And the risk is not likely to disappear even as vehicles employ higher levels of advanced driver assistance systems.
For instance, in August, NHTSA announced an investigation into Tesla’s Autopilot system after its Office of Defects Investigation “identified 11 crashes in which Tesla models of various configurations have encountered first responder scenes and subsequently struck one or more vehicles involved with those scenes.”
HAAS Alert CEO Cory Hohs, in a news release about his company’s efforts, said lights and sirens aren’t always enough.
“Between mobile devices, advanced infotainment systems and other modern innovations, drivers today are more distracted than ever,” Hohs said. “Modern vehicle cabins are designed to insulate drivers from external road noise, so drivers don’t even hear sirens until they’re dangerously close.”
The news release, from October, quoted Michigan State Police Capt. Richard Arnold, commander of the Commercial Vehicle Enforcement Division, discussing how state police had already used HAAS Alert's system.
The agency “equipped a small number of patrol vehicles with digital alert units, or ‘digital sirens,’ that can provide warnings directly inside motorists’ vehicles via mobile applications enabled to receive them.” Arnold said more than 108,000 motorists had received the alerts, “and we believe our officers and motorists are safer because of it.”

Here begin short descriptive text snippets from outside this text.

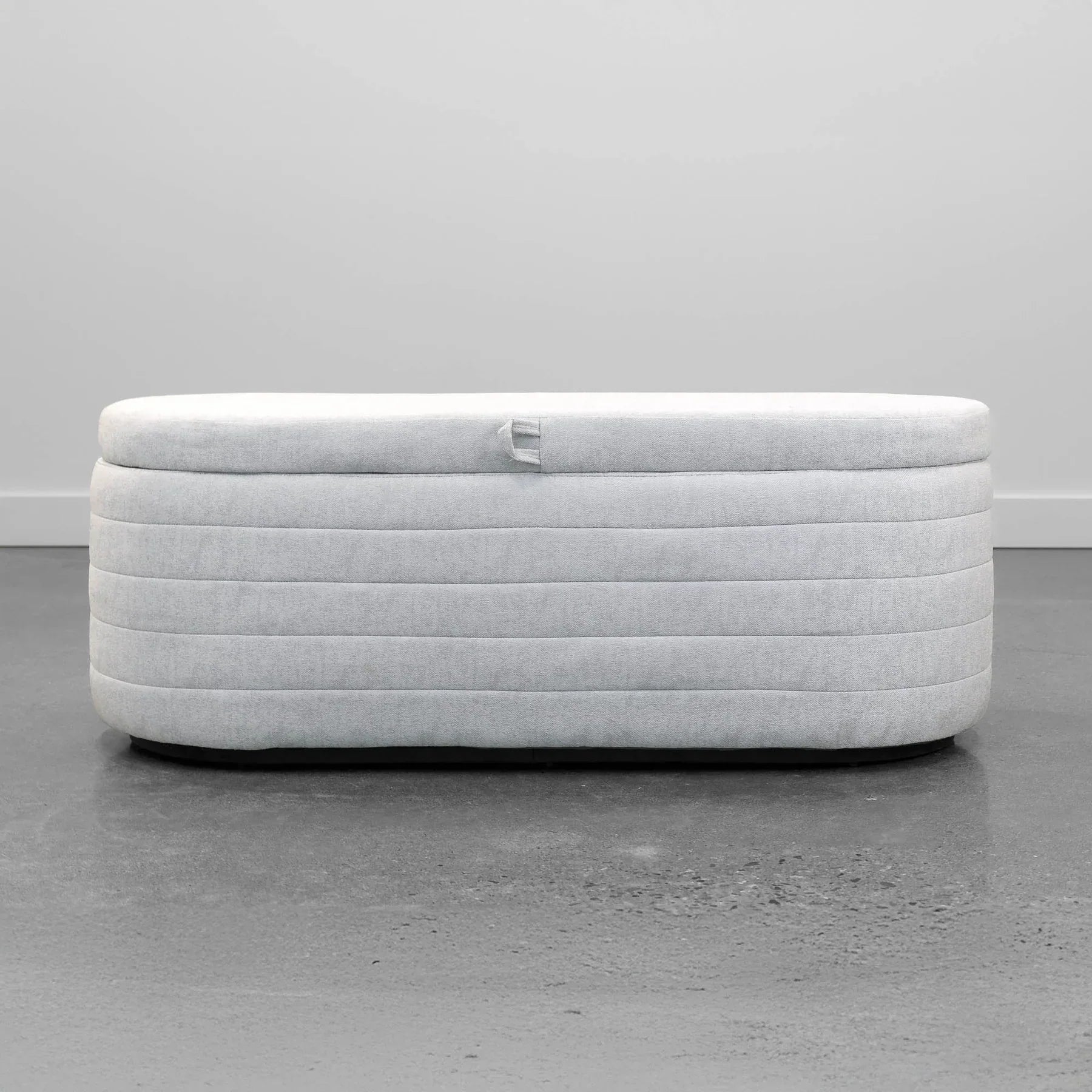 Front view of the Elio oval storage bench featuring platinum gray fabric and modern horizontal channel tufting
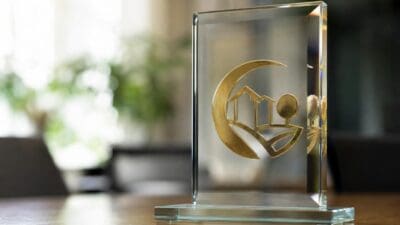 Transparenter Glaspreis mit goldenem Emblem aus Mond und Häusern auf Holztisch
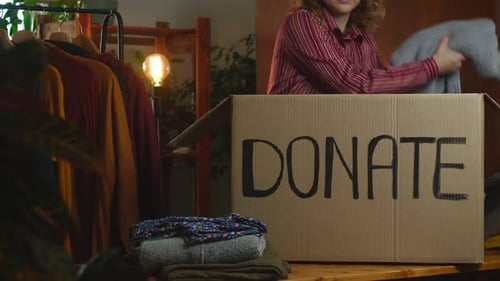 Young Adult Packing Clothing into a Donation Box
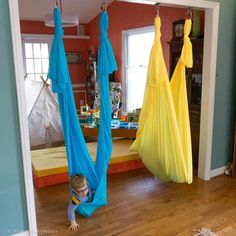 a toddler is sitting in a hammock with blue and yellow drapes hanging from the ceiling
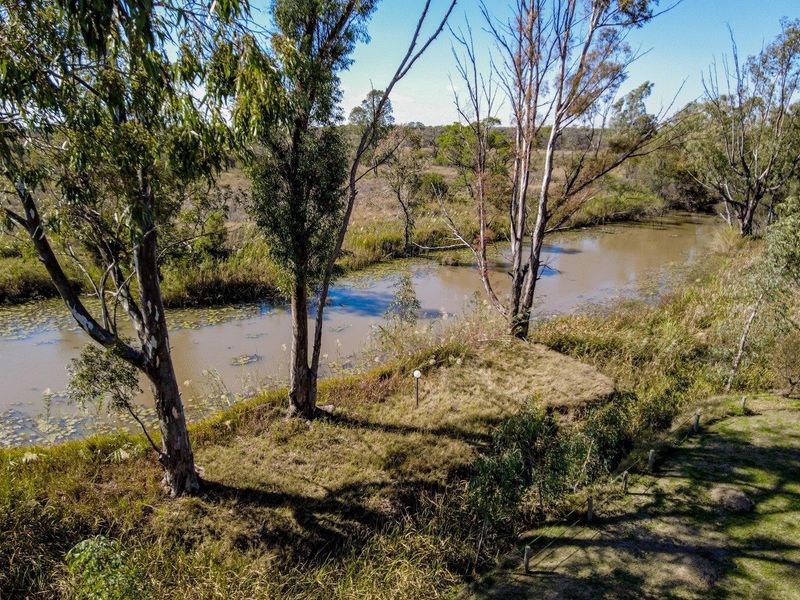 An aerial view of a natural river flowing through the farm property, surrounded by native trees and established vegetation.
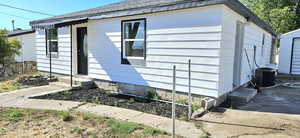 View of property exterior with central AC unit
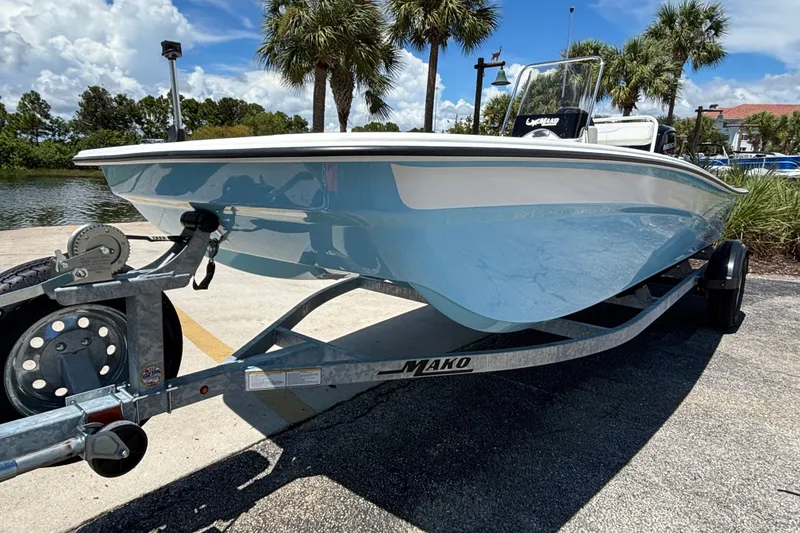 Slide: The Image of 2027 Mako Pro Skiff 17 CC boat on trailer, parked near palm trees. - 2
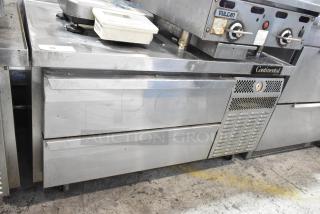 2018 Continental stainless steel 2-drawer chef base freezer on casters, 115V, commercial use, visible wear.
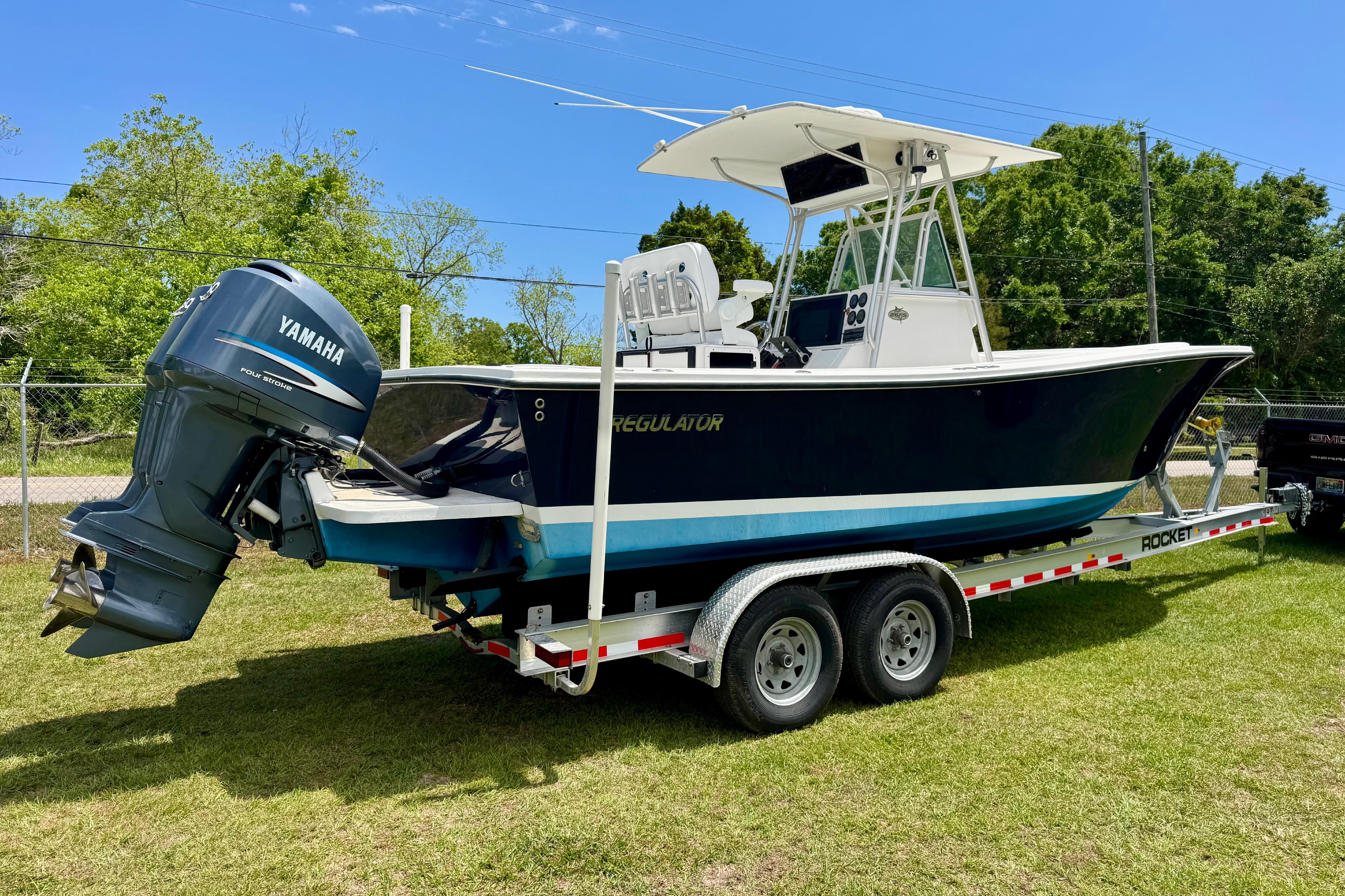 2000 Regulator 26 Forward Seating boat on trailer with Yamaha outboard motor.
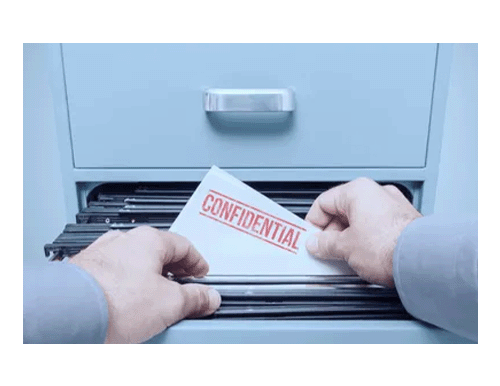 Employee taking confidential documentation out of filing cabinet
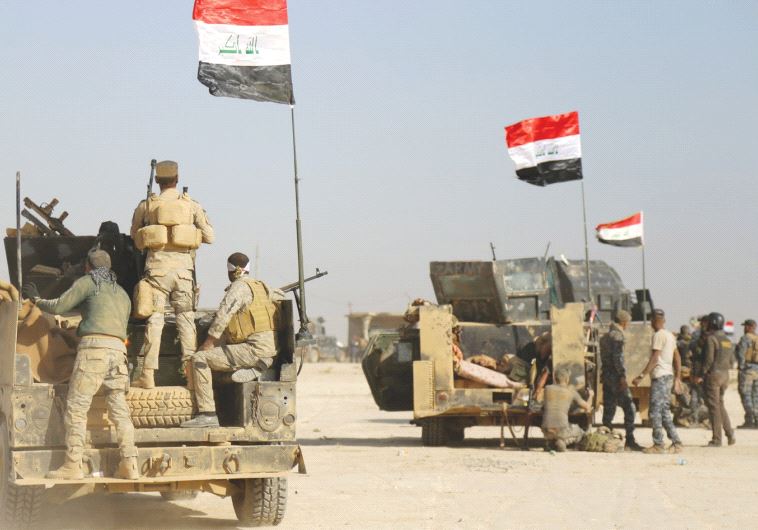 IRAQI FORCES advance in Qayara to attack Islamic State in Mosul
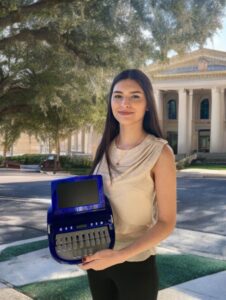 Woman standing in front of a school building holding a steno machine and smiling at the camera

The idea to have the automaker test such a system came from something called “Star Up,” a “company-wide innovation challenge that enables Stellantis employees to present new customer-focused technology concepts to the highest levels of management,” according to the release from Stellantis, which formed this year from the merger of Fiat Chrysler Automobiles and Peugeot maker PSA Group.
The other Stellantis project, involving a pair of 2021 Jeep Wrangler 4xe plug-in hybrid electric vehicles equipped with Uconnect, would start at the University of Michigan’s Mcity test site with plans to expand to the Detroit area.
An advanced computing platform and a 5G cellular connection would help communicate safety risks to both pedestrians and approaching vehicles, the company said.
The project could use “on-site cameras and sensors to collect detailed data at an intersection that is beyond what a single vehicle can ‘see’ with its on-board systems,” the company said.
It’s not clear how long it might be before such an alert system is available.
Pedestrian fatalities, in particular, have been part of a troubling trend in recent years, so efforts to limit them would be welcomed by safety advocates.
In May, the Governors Highway Safety Association warned of “the largest-ever annual increase in the pedestrian death rate” since NHTSA established its Fatality Analysis Reporting System in 1975 based on preliminary data for last year. The association said there were 6,721 pedestrian deaths in 2020, which would represent a 4.8% increase over the previous year’s 6,412.